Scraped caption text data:

----------------------------------------

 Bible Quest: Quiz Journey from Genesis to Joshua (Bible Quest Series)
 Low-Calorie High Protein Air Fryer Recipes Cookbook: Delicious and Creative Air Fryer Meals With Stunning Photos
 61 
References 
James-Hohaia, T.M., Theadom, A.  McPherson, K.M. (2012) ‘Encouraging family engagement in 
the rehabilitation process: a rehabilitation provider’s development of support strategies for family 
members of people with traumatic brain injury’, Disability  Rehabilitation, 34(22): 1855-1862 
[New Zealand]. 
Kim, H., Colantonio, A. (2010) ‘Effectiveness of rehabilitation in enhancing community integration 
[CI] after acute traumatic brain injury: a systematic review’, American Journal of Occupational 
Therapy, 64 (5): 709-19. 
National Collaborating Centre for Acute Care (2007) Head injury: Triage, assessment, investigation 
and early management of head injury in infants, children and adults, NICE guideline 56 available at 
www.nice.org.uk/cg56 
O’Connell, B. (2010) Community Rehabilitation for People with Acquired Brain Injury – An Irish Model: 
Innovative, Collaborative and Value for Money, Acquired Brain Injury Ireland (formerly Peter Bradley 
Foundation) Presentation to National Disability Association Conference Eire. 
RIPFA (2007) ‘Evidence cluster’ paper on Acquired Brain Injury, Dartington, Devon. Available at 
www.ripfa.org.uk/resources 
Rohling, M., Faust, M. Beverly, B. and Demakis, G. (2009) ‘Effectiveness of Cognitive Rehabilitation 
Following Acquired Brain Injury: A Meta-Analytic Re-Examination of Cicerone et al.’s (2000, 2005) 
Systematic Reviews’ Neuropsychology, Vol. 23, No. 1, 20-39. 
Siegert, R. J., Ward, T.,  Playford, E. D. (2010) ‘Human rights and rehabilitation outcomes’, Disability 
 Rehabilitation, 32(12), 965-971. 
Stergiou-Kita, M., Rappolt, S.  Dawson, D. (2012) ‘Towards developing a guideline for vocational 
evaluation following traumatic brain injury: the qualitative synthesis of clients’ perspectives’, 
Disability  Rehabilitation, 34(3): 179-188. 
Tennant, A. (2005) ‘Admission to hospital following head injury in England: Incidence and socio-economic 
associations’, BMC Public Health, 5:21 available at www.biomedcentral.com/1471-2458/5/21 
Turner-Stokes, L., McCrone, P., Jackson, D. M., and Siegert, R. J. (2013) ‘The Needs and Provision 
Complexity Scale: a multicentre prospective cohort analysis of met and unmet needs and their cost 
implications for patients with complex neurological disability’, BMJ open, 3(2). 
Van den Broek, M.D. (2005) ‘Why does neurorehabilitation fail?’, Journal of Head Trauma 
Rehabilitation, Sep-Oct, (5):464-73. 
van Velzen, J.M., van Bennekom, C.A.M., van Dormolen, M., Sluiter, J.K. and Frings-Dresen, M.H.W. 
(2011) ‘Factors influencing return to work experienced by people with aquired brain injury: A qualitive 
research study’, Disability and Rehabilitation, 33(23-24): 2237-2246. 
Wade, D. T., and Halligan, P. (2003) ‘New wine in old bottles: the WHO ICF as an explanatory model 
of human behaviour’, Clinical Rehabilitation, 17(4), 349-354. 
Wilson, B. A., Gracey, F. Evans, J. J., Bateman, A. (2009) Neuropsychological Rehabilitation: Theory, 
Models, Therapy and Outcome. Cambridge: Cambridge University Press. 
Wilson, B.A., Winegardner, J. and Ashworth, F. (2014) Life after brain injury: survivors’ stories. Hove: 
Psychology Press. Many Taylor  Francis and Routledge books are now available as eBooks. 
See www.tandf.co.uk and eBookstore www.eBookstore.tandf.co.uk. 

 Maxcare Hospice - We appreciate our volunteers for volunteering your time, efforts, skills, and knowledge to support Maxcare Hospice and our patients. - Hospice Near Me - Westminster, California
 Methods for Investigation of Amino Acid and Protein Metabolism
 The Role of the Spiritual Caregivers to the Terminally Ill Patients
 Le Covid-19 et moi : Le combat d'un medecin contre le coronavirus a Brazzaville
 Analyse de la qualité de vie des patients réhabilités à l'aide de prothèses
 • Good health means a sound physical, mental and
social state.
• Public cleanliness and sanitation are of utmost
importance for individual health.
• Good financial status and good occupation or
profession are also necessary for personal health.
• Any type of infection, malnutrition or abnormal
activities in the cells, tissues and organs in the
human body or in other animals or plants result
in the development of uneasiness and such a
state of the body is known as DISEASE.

----------------------------------------

Activity: Take the entries above and return only the lines from the one with "Turner-Stokes, L., McCrone, P., Jackson, D." to the one with "Wilson, B. A., Gracey, F.", both included, unchanged.

Expected output:
Turner-Stokes, L., McCrone, P., Jackson, D. M., and Siegert, R. J. (2013) ‘The Needs and Provision 
Complexity Scale: a multicentre prospective cohort analysis of met and unmet needs and their cost 
implications for patients with complex neurological disability’, BMJ open, 3(2). 
Van den Broek, M.D. (2005) ‘Why does neurorehabilitation fail?’, Journal of Head Trauma 
Rehabilitation, Sep-Oct, (5):464-73. 
van Velzen, J.M., van Bennekom, C.A.M., van Dormolen, M., Sluiter, J.K. and Frings-Dresen, M.H.W. 
(2011) ‘Factors influencing return to work experienced by people with aquired brain injury: A qualitive 
research study’, Disability and Rehabilitation, 33(23-24): 2237-2246. 
Wade, D. T., and Halligan, P. (2003) ‘New wine in old bottles: the WHO ICF as an explanatory model 
of human behaviour’, Clinical Rehabilitation, 17(4), 349-354. 
Wilson, B. A., Gracey, F. Evans, J. J., Bateman, A. (2009) Neuropsychological Rehabilitation: Theory, 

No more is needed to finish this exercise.